I love their colors.


----------



## Guest (Jul 12, 2008)

they are gorgeous...and in all my life ive never see a white collie wiv a tri head  is that normal in that breed ???


----------



## jeanie (Nov 11, 2007)

Aww they are lovely and so alert posing for pic.


----------



## canuckjill (Jun 25, 2008)

Hi all, over here in north america white is an accepted colour only in collies not shelties. Yes they pose real good when I have a treat in my hand.lol Thanks ...Jill


----------



## sskmick (Feb 4, 2008)

Never seen an almost white Sheltie before.
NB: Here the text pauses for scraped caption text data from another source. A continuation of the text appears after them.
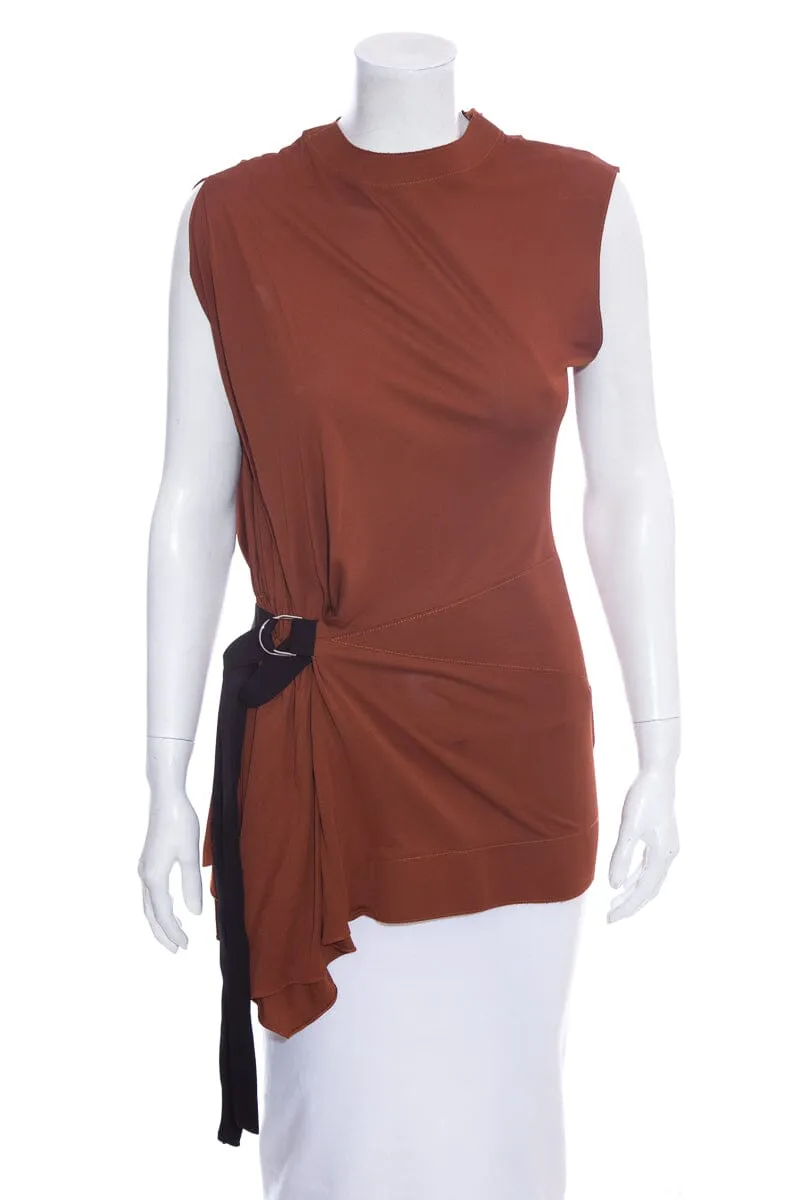 Louis Vuitton Burnt Orange Sleeveless Blouse SZ XS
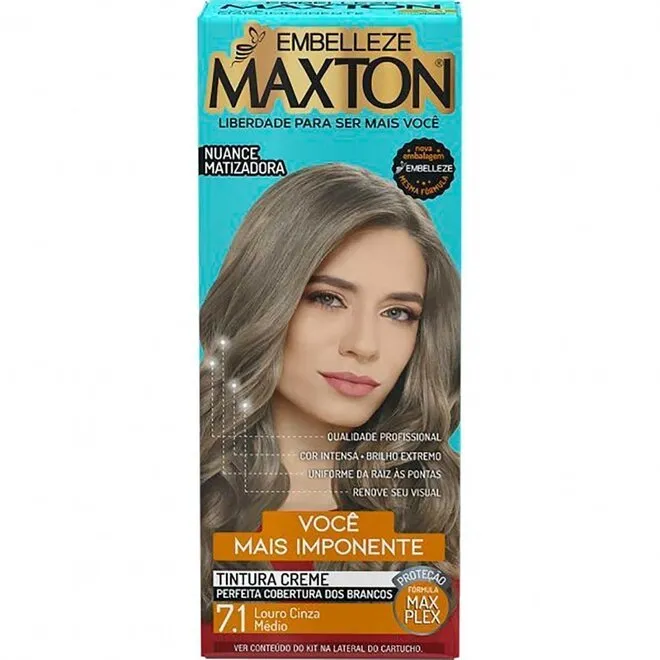 Tinta de Cabelo Louro Cinza Médio 7.1 Eco - MAXTON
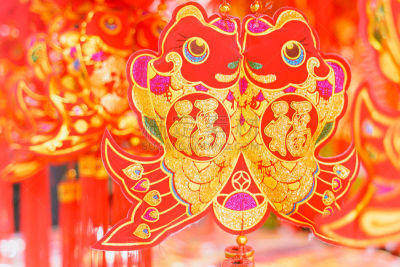 春节,运气,项坠,传统,华丽的,贺卡,灯笼,中国灯笼,边框,新年前夕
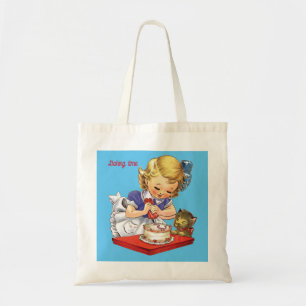 Personalisiertes Vintage-Mädchen beim Backen eines Tragetasche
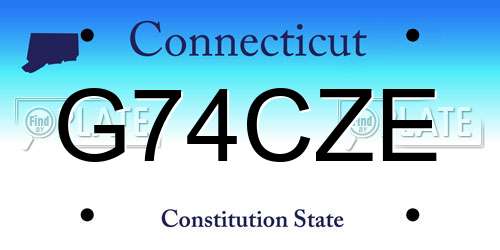 G74CZE Connecticut License Plate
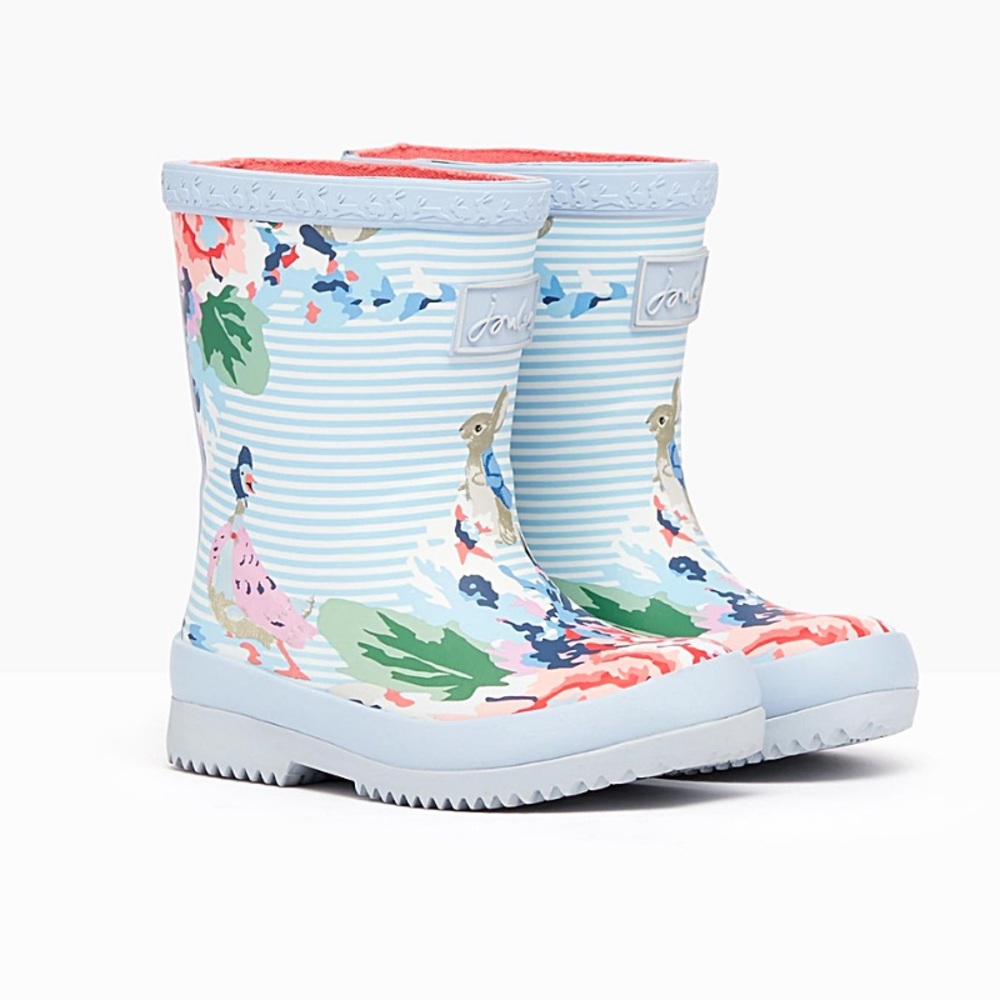 Size 7 Toddler Joules Blue Floral Kids' Rain Boots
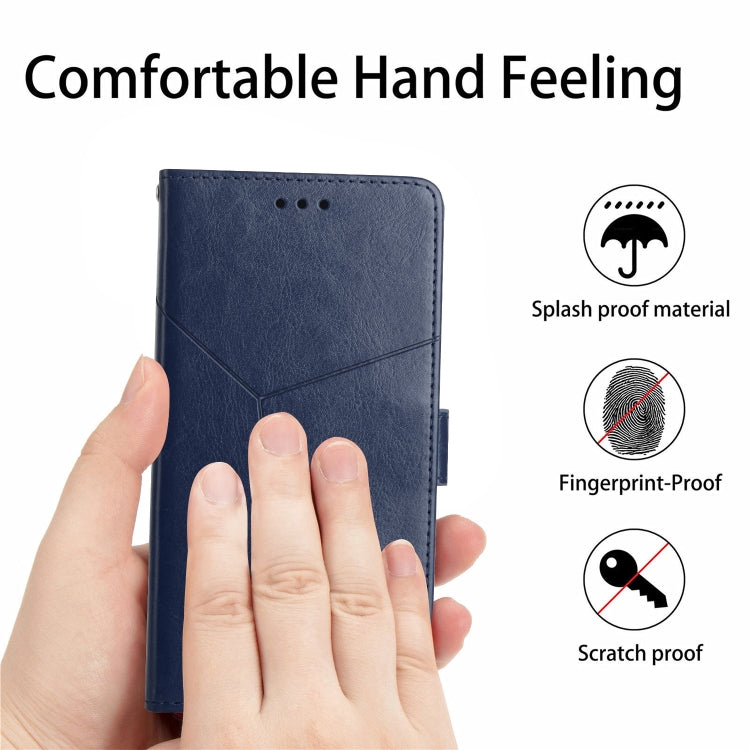 For Motorola Edge 5G 2024 HT01 Y-shaped Pattern Flip Leather Phone Case(Blue) - Motorola Cases by PMC Jewellery | Online Shopping South Africa | PMC Jewellery | Buy Now Pay Later Mobicred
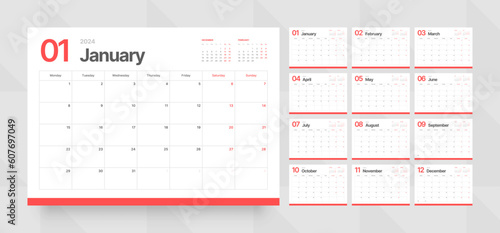 Monthly calendar template for 2024 year. Wall calendar grid in a minimalist style. Week Starts on Monday. Planner for 2024 year.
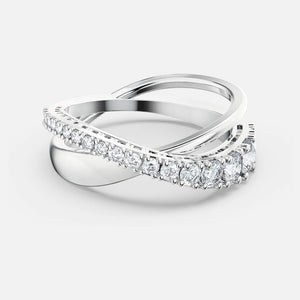 Swarovski Twist Rows Ring, White, Rhodium Plated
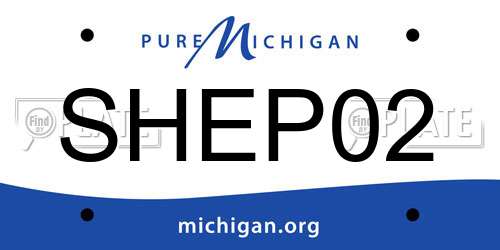 SHEP02 Michigan License Plate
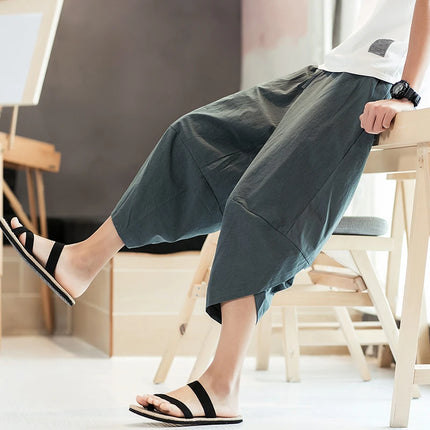 Pantaloni estivi da uomo in cotone, casual, stile hip hop, streetwear, harem, comodi, oversize, lunghezza a metà polpaccio, molto venduti.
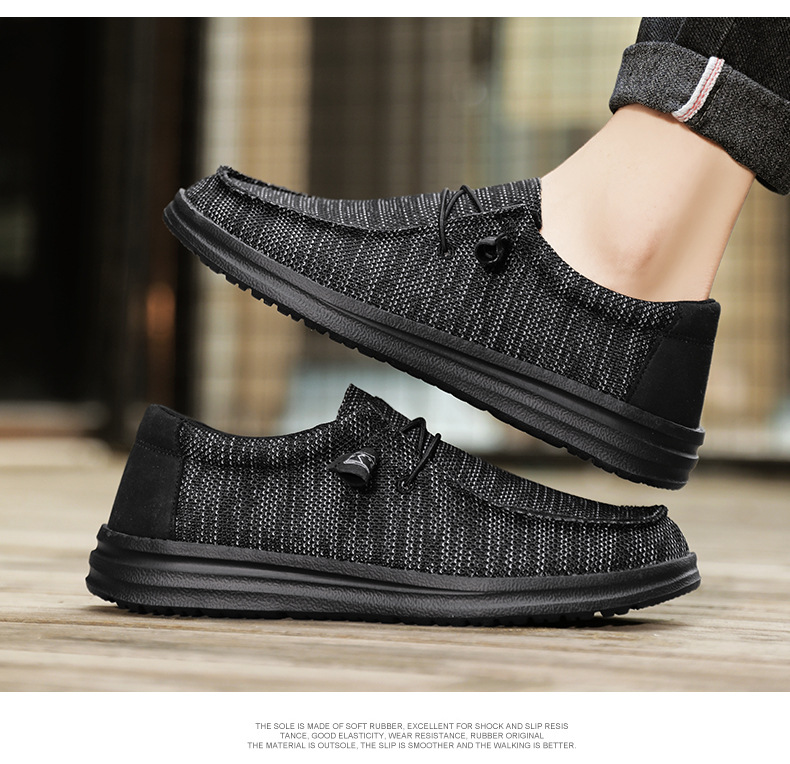 Extra Large Size Cross-border Fly-knit Casual Shoes For Men, Lightweight Slip-on Loafers, Flat Shoes, Men's Loafers In_vogvips.com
They are adorable.

Sue


----------



## Guest (Jul 12, 2008)

What gorgeous doggies


----------



## akoshi (Jul 12, 2008)

*wow lovely dogs!, but lots of Maintenance towards the fur area.*


----------



## paws (Jun 16, 2008)

Beautiful dogs and looking so obediant


----------



## cav (May 23, 2008)

great pics....


----------



## griffpan (Feb 2, 2008)

ohh i love the way their all posing, great dogs and photos


----------



## noushka05 (Mar 28, 2008)

they are all Beautiful


----------



## claire & the gang (Nov 18, 2010)

Beautiful dogs


----------



## Fleur (Jul 19, 2008)

canuckjill said:


> Hi all, over here in north america white is an accepted colour only in collies not shelties. *Yes they pose real good when I have a treat in my hand.lol* Thanks ...Jill


It's great what dogs'll do for a yummy treat 

Beautiful dogs :thumbup:


----------



## woofwoo (Dec 31, 2010)

They are lovely dogs have beautiful coats.


----------